Here is a clarified version of your proof. (In fact, it was a part of my original solution, but I modified it by following your idea.)

Step 1. Estimation of $xf(x)$


Let $t = \sqrt{u}$. Then

\begin{align*} xf(x) &= x\int_{x}^{x+1} \sin (t^2) \, dt = x \int_{x^2}^{(x+1)^2} \frac{\sin u}{2\sqrt{u}} \, du \\ &= x \left[ \frac{1-\cos u}{2\sqrt{u}} \right]_{x^2}^{(x+1)^2} + x \int_{x^2}^{(x+1)^2} \frac{1-\cos u}{4u^{3/2}} \, du \end{align*}

Since

\begin{align*} x \left[ \frac{1-\cos u}{2\sqrt{u}} \right]_{x^2}^{(x+1)^2} &= \frac{x}{2} \left(\frac{1-\cos\big((x+1)^2\big)}{x+1} - \frac{1 - \cos\big(x^2\big)}{x} \right) \\ &= \frac{1}{2} \left(\cos \left( x^2 \right) - \cos\left((x+1)^2\right) \right) - \frac{1 - \cos\left((x+1)^2\right)}{2(x+1)} \\ &= \sin \left(x+\frac{1}{2}\right)\sin\left(x^2+x+\frac{1}{2}\right) - \frac{1 - \cos\left((x+1)^2\right)}{2(x+1)}, \end{align*}

we have

$$xf(x) = \sin \left(x+\frac{1}{2}\right)\sin\left(x^2+x+\frac{1}{2}\right) - \frac{1 - \cos\left((x+1)^2\right)}{2(x+1)} + x \int_{x^2}^{(x+1)^2} \frac{1-\cos u}{4u^{3/2}} \, du. $$

It is easy to observe that

$$ - \frac{1 - \cos\left((x+1)^2\right)}{2(x+1)} + x \int_{x^2}^{(x+1)^2} \frac{1-\cos u}{4u^{3/2}} \, du = O\left(\frac{1}{x}\right). $$

Indeed, it follows from the estimation

\begin{align*} \left| x \int_{x^2}^{(x+1)^2} \frac{1-\cos u}{4u^{3/2}} \, du \right| &\leq x \int_{x^2}^{(x+1)^2} \frac{\left| 1-\cos u \right| }{4u^{3/2}} \, du \\ &\leq x \int_{x^2}^{(x+1)^2} \frac{1}{2x^3} \, du \leq \frac{2x+1}{2x^2} = O\left(\frac{1}{x}\right). \end{align*}

Step 2. Evaluation of limit superior and limit inferior


The estimation above in particular implies that

$$ \limsup_{x\to\infty} xf(x) = \limsup_{x\to\infty} \sin \left(x+\frac{1}{2}\right)\sin\left(x^2+x+\frac{1}{2}\right)$$

and likewise for the liminf.

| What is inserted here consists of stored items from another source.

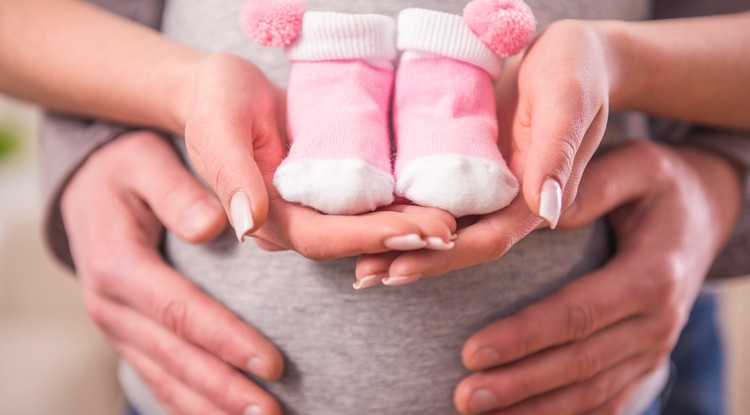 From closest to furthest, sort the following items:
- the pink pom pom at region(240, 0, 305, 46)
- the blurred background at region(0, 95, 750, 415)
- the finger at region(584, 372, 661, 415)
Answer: the pink pom pom at region(240, 0, 305, 46)
the finger at region(584, 372, 661, 415)
the blurred background at region(0, 95, 750, 415)

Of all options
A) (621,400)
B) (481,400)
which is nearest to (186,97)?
(481,400)

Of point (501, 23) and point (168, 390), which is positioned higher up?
point (501, 23)

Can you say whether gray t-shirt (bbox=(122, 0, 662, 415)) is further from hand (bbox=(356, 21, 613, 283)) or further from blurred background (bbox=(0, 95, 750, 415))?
blurred background (bbox=(0, 95, 750, 415))

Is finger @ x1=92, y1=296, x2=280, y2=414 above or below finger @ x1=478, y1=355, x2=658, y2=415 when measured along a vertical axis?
above

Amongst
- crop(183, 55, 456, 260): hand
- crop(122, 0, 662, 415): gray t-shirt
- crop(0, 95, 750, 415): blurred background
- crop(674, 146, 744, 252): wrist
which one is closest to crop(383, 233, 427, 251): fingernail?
crop(183, 55, 456, 260): hand

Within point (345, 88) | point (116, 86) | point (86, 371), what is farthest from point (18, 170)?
point (345, 88)

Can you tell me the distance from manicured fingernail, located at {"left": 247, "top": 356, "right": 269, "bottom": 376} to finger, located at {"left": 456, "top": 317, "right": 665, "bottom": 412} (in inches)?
6.3

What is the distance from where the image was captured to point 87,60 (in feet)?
2.09

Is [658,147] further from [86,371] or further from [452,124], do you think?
[86,371]

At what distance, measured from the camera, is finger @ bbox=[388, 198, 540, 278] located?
43 centimetres

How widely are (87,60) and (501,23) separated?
1.26 feet

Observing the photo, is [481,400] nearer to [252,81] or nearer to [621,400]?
[621,400]

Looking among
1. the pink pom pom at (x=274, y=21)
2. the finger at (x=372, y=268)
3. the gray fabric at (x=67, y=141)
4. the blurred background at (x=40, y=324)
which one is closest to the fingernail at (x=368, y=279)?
the finger at (x=372, y=268)

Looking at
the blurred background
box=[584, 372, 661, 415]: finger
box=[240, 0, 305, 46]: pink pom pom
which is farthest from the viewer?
the blurred background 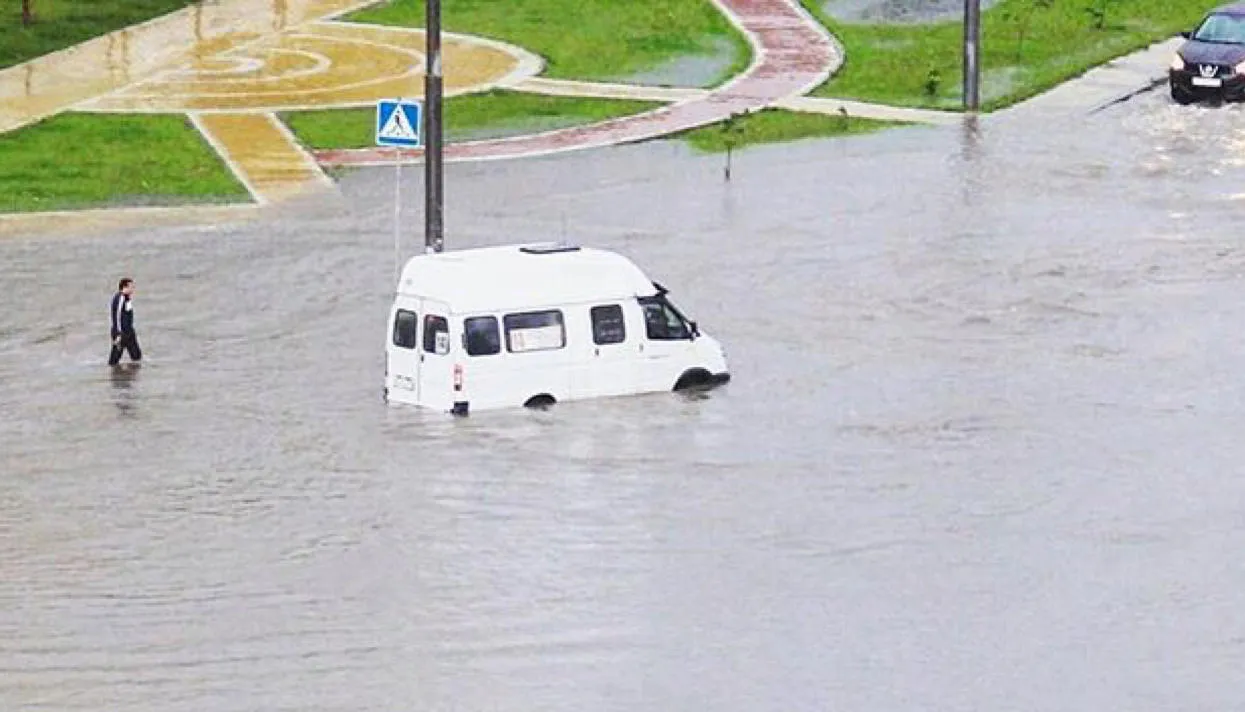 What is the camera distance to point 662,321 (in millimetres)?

To find the limsup, note from the identity above that

$$\limsup_{x\to\infty} xf(x) \leq 1. $$

We claim that it is indeed 1. To this end, it suffices to find a subsequence $(x_n)$ such that $x_n \to \infty$ and

$$ \sin \left(x_n +\frac{1}{2}\right)\sin\left(x_n^2+x_n+\frac{1}{2}\right) \to 1. $$

Let $x = \sqrt{2\pi k}$. Then we have

$$ \sin \left(x+\frac{1}{2}\right)\sin\left(x^2+x+\frac{1}{2}\right) = \sin^2 \left(\sqrt{2\pi k}+\frac{1}{2}\right) $$

As $\sqrt{2\pi k} \to \infty$ and $\sqrt{2\pi(k+1)} - \sqrt{2\pi k} \to 0$ as $k \to \infty$, we can find a subsequence $(k_n)$ such that

$$ \min \left\{ \left| \sqrt{2\pi k_n} + \frac{1}{2} - \left( m+\frac{1}{2}\right)\pi \right| : m \in \Bbb{Z} \right\} \to 0 \quad \text{as} \quad n \to \infty. \tag{1}$$

Thus for $x_n = \sqrt{2\pi k_n}$ we obtain $ x_n f(x_n) \to 1$ as $n \to \infty$ and therefore $\limsup_{x\to\infty} xf(x) = 1$. A slight modification of this argument also proves that $\liminf_{x\to\infty} xf(x) = -1$.

Proof of the claim $(1)$


Let $\epsilon > 0$. Then there exists $N$ such that whenever $k \geq N$ we have $0 < r_k < \epsilon$, where $r_k$ denotes $r_k = \sqrt{2\pi(k+1)} - \sqrt{2\pi k}$ for simplicity. Then for the sequence of open balls

$$ B_k = \left(\sqrt{2\pi k} - r_k, \sqrt{2\pi k} + r_k\right) = \left(\sqrt{2\pi k} - r_k, \sqrt{2\pi (k+1)}\right), $$

we have $B_k \cap B_{k+1} \neq \varnothing $ and hence

$$ \bigcup_{k=N}^{\infty} B_k = \left(\sqrt{2\pi N} - r_{N}, \infty \right). $$

Here, we used the fact that $\sqrt{2\pi k} \to \infty$ as $k \to \infty$. Then for any sufficiently large integer $m$ we have

$$ \left(m+\frac{1}{2}\right)\pi - \frac{1}{2} \in \left(\sqrt{2\pi N} - r_{N}, \infty \right). $$

Thus we can pick some $k \geq N$ satisfing

$$ \left(m+\frac{1}{2}\right)\pi - \frac{1}{2} \in B_k \subset \left(\sqrt{2\pi N} - \epsilon, \sqrt{2\pi N} + \epsilon \right). $$

This proves the following proposition: For any $\epsilon > 0$ there exists a positive integer $k$ such that

$$ \min \left\{ \left| \sqrt{2\pi k} + \frac{1}{2} - \left( m+\frac{1}{2}\right)\pi \right| : m \in \Bbb{Z} \right\} < \epsilon.$$

Then the claim $(1)$ immediately follows.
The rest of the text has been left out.